Stored items from a collection:
---
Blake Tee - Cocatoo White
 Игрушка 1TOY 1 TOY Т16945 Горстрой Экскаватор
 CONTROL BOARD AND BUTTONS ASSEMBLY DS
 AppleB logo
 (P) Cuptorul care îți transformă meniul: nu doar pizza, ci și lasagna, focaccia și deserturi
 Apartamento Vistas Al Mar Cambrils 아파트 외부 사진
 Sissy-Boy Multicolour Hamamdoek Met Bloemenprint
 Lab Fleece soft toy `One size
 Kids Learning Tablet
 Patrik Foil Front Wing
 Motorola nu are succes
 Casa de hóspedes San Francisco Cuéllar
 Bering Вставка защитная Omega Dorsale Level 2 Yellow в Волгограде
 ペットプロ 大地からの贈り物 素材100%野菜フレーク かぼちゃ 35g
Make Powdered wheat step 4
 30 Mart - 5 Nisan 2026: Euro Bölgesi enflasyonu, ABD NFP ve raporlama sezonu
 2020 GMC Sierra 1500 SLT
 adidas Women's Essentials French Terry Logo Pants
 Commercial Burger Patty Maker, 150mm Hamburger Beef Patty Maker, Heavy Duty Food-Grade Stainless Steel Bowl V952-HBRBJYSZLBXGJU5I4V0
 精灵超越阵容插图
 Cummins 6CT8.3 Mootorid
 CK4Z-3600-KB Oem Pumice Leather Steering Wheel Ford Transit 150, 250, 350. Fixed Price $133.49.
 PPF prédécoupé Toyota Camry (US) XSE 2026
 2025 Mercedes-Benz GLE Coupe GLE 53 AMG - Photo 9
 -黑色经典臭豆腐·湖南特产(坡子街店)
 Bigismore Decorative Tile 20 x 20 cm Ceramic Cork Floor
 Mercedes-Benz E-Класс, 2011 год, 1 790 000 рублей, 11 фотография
---
### EXERCISE DETAILS
Write out the entries above once more, without altering anything.

### TASK RESULT
Blake Tee - Cocatoo White
 Игрушка 1TOY 1 TOY Т16945 Горстрой Экскаватор
 CONTROL BOARD AND BUTTONS ASSEMBLY DS
 AppleB logo
 (P) Cuptorul care îți transformă meniul: nu doar pizza, ci și lasagna, focaccia și deserturi
 Apartamento Vistas Al Mar Cambrils 아파트 외부 사진
 Sissy-Boy Multicolour Hamamdoek Met Bloemenprint
 Lab Fleece soft toy `One size
 Kids Learning Tablet
 Patrik Foil Front Wing
 Motorola nu are succes
 Casa de hóspedes San Francisco Cuéllar
 Bering Вставка защитная Omega Dorsale Level 2 Yellow в Волгограде
 ペットプロ 大地からの贈り物 素材100%野菜フレーク かぼちゃ 35g
Make Powdered wheat step 4
 30 Mart - 5 Nisan 2026: Euro Bölgesi enflasyonu, ABD NFP ve raporlama sezonu
 2020 GMC Sierra 1500 SLT
 adidas Women's Essentials French Terry Logo Pants
 Commercial Burger Patty Maker, 150mm Hamburger Beef Patty Maker, Heavy Duty Food-Grade Stainless Steel Bowl V952-HBRBJYSZLBXGJU5I4V0
 精灵超越阵容插图
 Cummins 6CT8.3 Mootorid
 CK4Z-3600-KB Oem Pumice Leather Steering Wheel Ford Transit 150, 250, 350. Fixed Price $133.49.
 PPF prédécoupé Toyota Camry (US) XSE 2026
 2025 Mercedes-Benz GLE Coupe GLE 53 AMG - Photo 9
 -黑色经典臭豆腐·湖南特产(坡子街店)
 Bigismore Decorative Tile 20 x 20 cm Ceramic Cork Floor
 Mercedes-Benz E-Класс, 2011 год, 1 790 000 рублей, 11 фотография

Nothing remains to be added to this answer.